- Location of Smithfield in Fulton County, Illinois.
- Location of Illinois in the United States
- Coordinates: 40°28′28″N 90°17′42″W﻿ / ﻿40.47444°N 90.29500°W
- Country: United States
- State: Illinois
- County: Fulton
- Township: Cass

Area
- • Total: 0.46 sq mi (1.20 km^{2})
- • Land: 0.46 sq mi (1.20 km^{2})
- • Water: 0 sq mi (0.00 km^{2})
- Elevation: 630 ft (190 m)

Population (2020)
- • Total: 191
- • Density: 411.1/sq mi (158.72/km^{2})
- Time zone: UTC-6 (CST)
- • Summer (DST): UTC-5 (CDT)
- ZIP Code(s): 61477
- Area code: 309
- FIPS code: 17-70226
- GNIS ID: 2399831
- Wikimedia Commons: Smithfield, Illinois

= Smithfield, Illinois =

Smithfield is a village in Fulton County, Illinois, United States. The population was 191 at the 2020 census. The village is named in honor of Dr. Joseph N. Smith.

==History==

Smithfield was founded in 1868.

Much of Smithfield was destroyed by fire in 1900.

Smithfield was once serviced by TP&W (Toledo, Peoria And Western Railway) before sold to KJRY (Keokuk Junction Railway).

Smithfield once had a grocery story, Bank, Hardware Store and Railroad Depot. The Bank is now the Historic Museum as well as the Red Brick School.

The Village once contained a Jail. The old jail cells can be seen in the Red Brick School parking lot.

==Geography==
Smithfield is located in western Fulton County. Illinois Route 95 forms the northern edge of the village; the highway leads east 6 mi to Cuba and west 5.5 mi to Marietta. Lewistown, the county seat, is 12 mi to the southeast via IL 95 and IL 97.

According to the 2021 census gazetteer files, Smithfield has a total area of 0.47 sqmi, all land.
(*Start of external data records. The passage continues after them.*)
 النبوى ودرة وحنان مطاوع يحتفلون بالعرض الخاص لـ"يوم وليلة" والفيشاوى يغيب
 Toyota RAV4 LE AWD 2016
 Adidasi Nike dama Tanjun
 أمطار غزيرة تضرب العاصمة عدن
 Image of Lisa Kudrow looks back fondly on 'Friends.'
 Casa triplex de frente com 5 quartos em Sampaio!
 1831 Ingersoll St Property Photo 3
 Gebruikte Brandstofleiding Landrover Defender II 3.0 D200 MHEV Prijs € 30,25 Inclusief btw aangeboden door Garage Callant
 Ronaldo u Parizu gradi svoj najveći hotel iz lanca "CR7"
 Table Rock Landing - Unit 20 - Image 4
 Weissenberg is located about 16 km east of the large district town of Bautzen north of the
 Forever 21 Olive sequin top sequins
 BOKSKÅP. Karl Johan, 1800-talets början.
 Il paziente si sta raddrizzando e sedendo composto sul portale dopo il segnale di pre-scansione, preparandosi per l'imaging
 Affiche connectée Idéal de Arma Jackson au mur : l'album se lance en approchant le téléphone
Smithfield is served by the Keokuk Junction Railway, a subsidiary of Pioneer Railcorp. BNSF once used the tracks through Smithfield.

==Demographics==
As of the 2020 census there were 191 people, 100 households, and 57 families residing in the village. The population density was 410.75 PD/sqmi. There were 95 housing units at an average density of 204.30 /sqmi. The racial makeup of the village was 95.81% White, 0.00% African American, 0.00% Native American, 0.00% Asian, 0.00% Pacific Islander, 1.05% from other races, and 3.14% from two or more races. Hispanic or Latino of any race were 1.05% of the population.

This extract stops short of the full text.